ÖYD SONRASI YAŞANAN DÖNÜŞÜMLER

*Ölüm kaygısında azalma *Hayattan daha çok tat alma * Psişik yeteneklerde artış; duyular dışı algılama güçlenir, şifa, telepati, önceden bilme ve otomatik yazı gibi yetenekler ortaya çıkmaktadır.
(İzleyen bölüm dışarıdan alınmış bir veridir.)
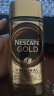 雀巢（Nestle） 金牌法式风味 瑞士进口 速溶冻干黑咖啡  速溶咖啡粉 100g瓶装可冲约50杯(包装随机) 实拍图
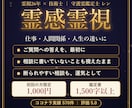 霊視26年の霊感霊視｜仕事と人生の迷いを視ます 初回限定1,000円｜断られやすい相談も運気でお答えします イメージ1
* Zeka kapasitesinde artış *Çok daha duyarlı sevgi dolu bir varlığa dönüşme söz konusu olabilir.

 

GÜNÜMÜZDEKİ ÖYD ÇALIŞMALARI

1977 yılında Dr.Keneth Ring önderliğinde pek çok araştırmacının bir araya gelerek, ÖYD ile ilgili bilimsel çalışmalar birliği adı altında bir organizasyon kurdular. 1981 ‘de bu konuda çalışmalar yapan dünya üzerindeki tüm araştırmacılara ve bu deneyimi yaşayan kişilere yardımcı olmak amacıyla uluslararası bir birlik olarak çalışmalarına devam etti ve uluslararası ölüme yakın deneyimler çalışmaları birliği kısaca IANDS olarak adını değiştirdi ve hala günümüzde dünyada bu konudaki tüm bilimsel çalışmaları toplayan, dünyanın bir çok yerindeki ÖYD yaşayanları ve araştırmacıları bir araya getiren tek kuruluştur. Ölüme yakın deneyimleri ve bu deneyimin insan şuuruyla bağlantısını araştırmaktadır. www. Iands.org adresinden ulaşılabilir. Birliğin eğitim amaçlı pek çok çalışmaları vardır, çeşitli konferanslar verilmekte ayrıca internet üzerinden ÖYD kursu verilmektedir. İnternet sayfasındaki bilgi formunu gönderip bu kursa katılabiliyorsunuz. IANDS internet sayfasında Amerika ‘da sağlık programları yapan Dr. Mehmet Öz’ün bir programında ÖYD’ yi deneyimleyen bir doktor ile yaptığı röportajın görüntüleri de yer almaktadır.

 

SONUÇ

ÖYD’lerden elde edilen kanıtlar; Tanrının intikamcı olmadığını, bizleri yargılamadığını veya mahkum etmediğini, günahlarımız için bize kızgın olmadığını işaret etmektedirler. Bütün yapılan araştırmalar ve raporlar, ortak bir mutabakat içinde, elbette ki yargılamanın olduğunu ancak, bütün yargılamanın, ışık varlıktan değil de bireyin kendi içinden geldiğini belirtmektedirler. Görünen odur ki aslında, Tanrının bize vermeye açık olduğu tek şey koşulsuz sevgidir. Tamamen sevgi dolu olan ve yargılamayan Tanrı anlayışı, pek çok dinsel öğretiyle çelişmektedir. ÖYD üzerindeki araştırmalar şu net sonuçları ortaya koymuştur: ÖYD yaşayanlar çoğu dünya dinlerinde ortak olan temel değerleri doğrulamaktadırlar. ÖYD yaşayanların hem fikir olduğu şey, yaşamın amacının bilgi ve sevgi olduğudur. ÖYD’nin değiştirici etkileri üzerinde yapılan çalışmalar gösteriyor ki zenginliğin, statünün, maddi sahiplenmelerin kültürümüzdeki değerleri çok daha az önemli bir hale dönüşüyor ve sevginin uzun ömürlü vicdani değerleri, başkalarını önemsemek, ilahi yükseliş ile ilgili bilgi elde etmek çok daha büyük önem kazanıyor.